All nations need to maximize the potential of their human capital in order to succeed. With the demographic changes noted above, both in pediatrics and in society, we must maximize our efforts and go beyond the limited progress we made over the past 50 years with regards to gender, racial, ethnic, and cultural diversity. Movement forward will need to include leadership for system change, starting in our educational system and continuing in our academic communities. This change requires consistent data monitoring for evaluation of success and the identification of innovative strategies.
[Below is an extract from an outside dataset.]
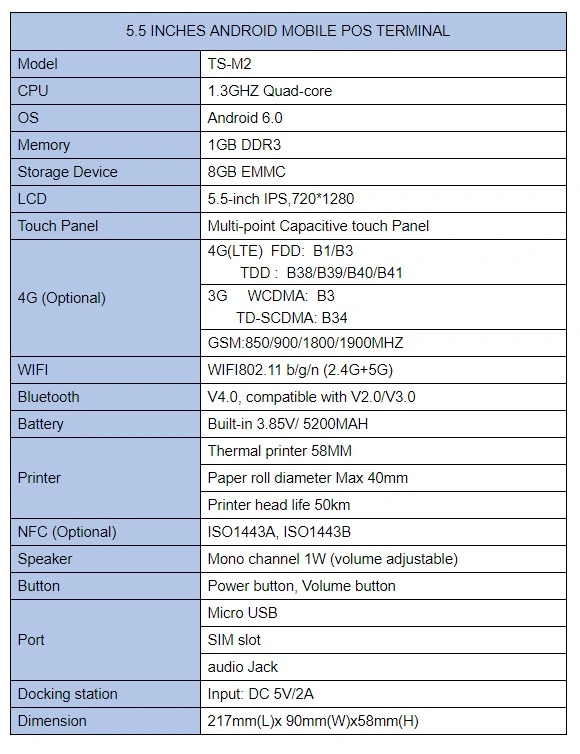 5.5 Inch Android Mobile POS Terminal Handheld Cheap Price Ts-M2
We need to examine all systems that impact the pipeline for developing diverse physicians and scientists: premedical education, professional training, professional development, and academic and funding processes that support success.

Thus far, the history of efforts to promote diversity and inclusion in pediatrics has been characterized by uncoordinated and limited data-driven efforts in departments, medical schools, societies, and federal agencies. We call on leaders in pediatric societies, in partnership with AAMC and the NIH, to develop new collaborations through groups such as FOPO to define common ground and thereby integrate professional perspectives and priorities into novel, unified efforts for diversity, inclusion, and equity. We are hopeful that innovative, widespread, and sustained collaborative efforts will culminate in meaningful advances. In our unique role as pediatricians, academic leaders, and child health researchers, we recognize that the world has changed and our future success depends largely upon our ability, motivation, and will to access all of our human capital to address our most pressing challenges that affect the health and well-being of children, now and in the future.